The Onion. The King of Web Humor. Not humor about the Web, but on the Web.Originally begun as a college humor newspaper out of the University of Wisconsin, Madison (don'cha know!), it has grown to become a Media Entity in its own right.

The Brunching Shuttlecocks. A homegrown humor zine out of Santa Cruz, this place has guaranteed giggles for the twentynothing crowd. My personal favorites are the ratings, particularly of The Superfriends and Breakfast Cereals.

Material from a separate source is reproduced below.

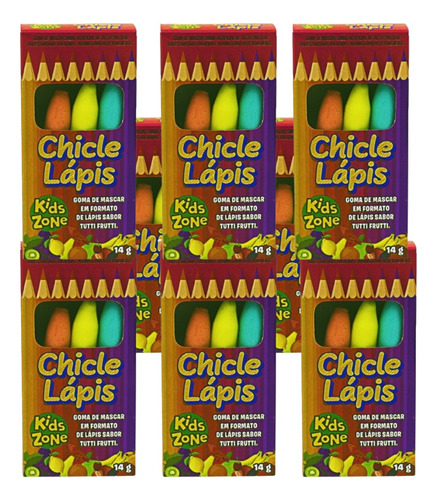 Chiclete Chicle Lapis Goma De Mascar Tutti Frutti C/24 Und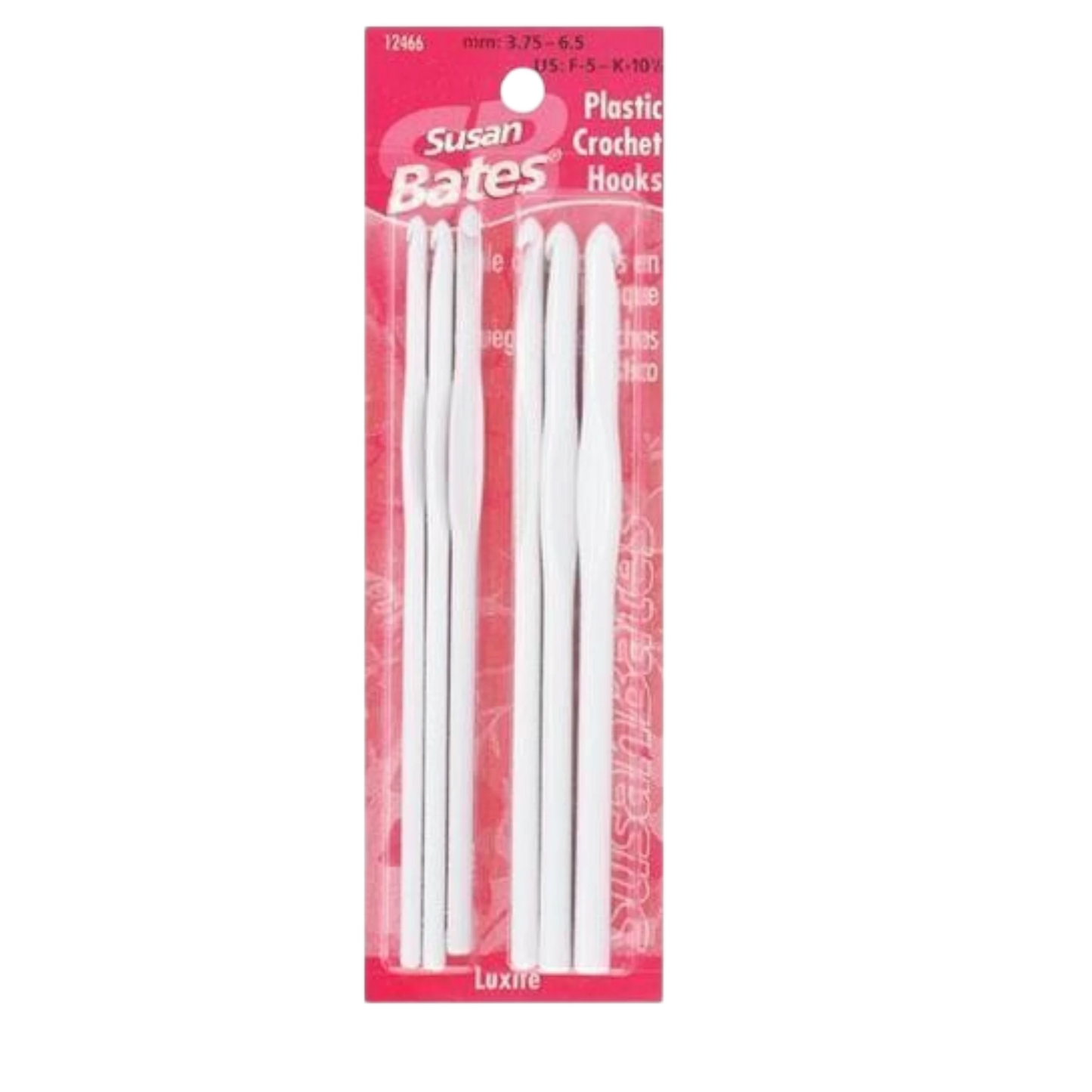 Susan Bates - Luxite Plastic Crochet Hook Set - F-K for crochet and yarn projects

Stick Figure Death Theater. A simple idea--depict stick figures meeting their maker in little animated .GIFs. Not only is it funny, it seems to have tapped a chord in Webheads, as the innumerable fan-created scenarios attest.

May 21, 1998
The New Media Industry matures.
This
piece in the L.A. Times reports how leading Web design agency BoxTop Interactive is merging with two others. In similar news, Razorfish has announced the acquisition of both San Francisco and London-based agencies (announcement is linked to off of their home page).

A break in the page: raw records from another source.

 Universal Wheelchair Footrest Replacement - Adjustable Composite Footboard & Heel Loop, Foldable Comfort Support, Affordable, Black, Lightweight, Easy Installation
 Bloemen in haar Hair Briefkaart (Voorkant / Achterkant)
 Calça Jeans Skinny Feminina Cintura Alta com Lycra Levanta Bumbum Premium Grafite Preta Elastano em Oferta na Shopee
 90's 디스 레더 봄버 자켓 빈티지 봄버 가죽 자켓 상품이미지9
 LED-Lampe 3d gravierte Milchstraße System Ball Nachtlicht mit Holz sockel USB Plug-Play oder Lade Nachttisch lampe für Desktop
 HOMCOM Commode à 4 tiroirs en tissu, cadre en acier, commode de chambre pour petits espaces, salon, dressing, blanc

What I find most interesting is that each of these new entities has approximately "150 employees." This is currently the size of my
former employer. More than a coincidence, it's showing the industry belief that Size Does Matter. I hope we can demonstrate otherwise.

My new favorite magazine,
The Industry Standard, has a good brief piece on Razorfish's acquisitions strategy. My guess: they're gonna burn through Omnicom's money and have very little to show for it. But they'll have fun doing it!

May 17, 1998
Two more Way New Interfaces:
I/O/D's
Web Stalker. An alternative web browser that doesn't render pages, but sites. If you're willing to struggle through an extremely obtuse interface (you must read the Help documentation), you'll be rewarded with a radically new way of envisioning the Web, the first serious attempt (I'm aware of) of breaking free of the page-centric paradigm.

PlumbDesign's
ThinkMap. My current fave-rave Way New Interface because it not only radically departs from traditional modes, it's fairly intuitive. Two applications of the ThinkMap are the Visual Thesaurus, and the Smithsonian Institution's Revealing Things. ThinkMap is about displaying relationships between information in a graphical, kinetic way.
My single favorite feature is the real-time graphical search narrowing. With the Thesaurus' noun-verb-adverb-adjective knob, or Revealing Things' sliders, you can easily refine your search and immediately see the effect of your decisions... Much better than submitting a new query, only to be told after considerable delay that it retrieved either 0 or 3,000,000 results.

May 9, 1998
Special Soap net.search!
Soap
The FDA's take on soap, including the brief essay All That Lathers Is Not Soap (FDA has a sense of humor?)

Clean Hands
by Mr. Lemberg's Second Period Chemistry Class. Features an
exciting illustration of How Soap Works, the history of soap, and a recipe!

Soap Power!

You Can--Soap
The simple explanation of how soap works--it makes water wetter!

May 7, 1998
I can't keep my eyes off the new
Apple Dodge Neon. I want the one in candied red.

The Obvious has been redesigned, and the daily filter has returned. Yay! (And has inspired this very list which you're reading)

A thoughtful
interview with Douglas Adams, talking about his new CD-ROM, the state of interactive narrative, and the upcoming Hitchhiker's movie (yes it's in the works!).
And while you're there, check out The Onion's other archived interviews--very smart and usually on-target.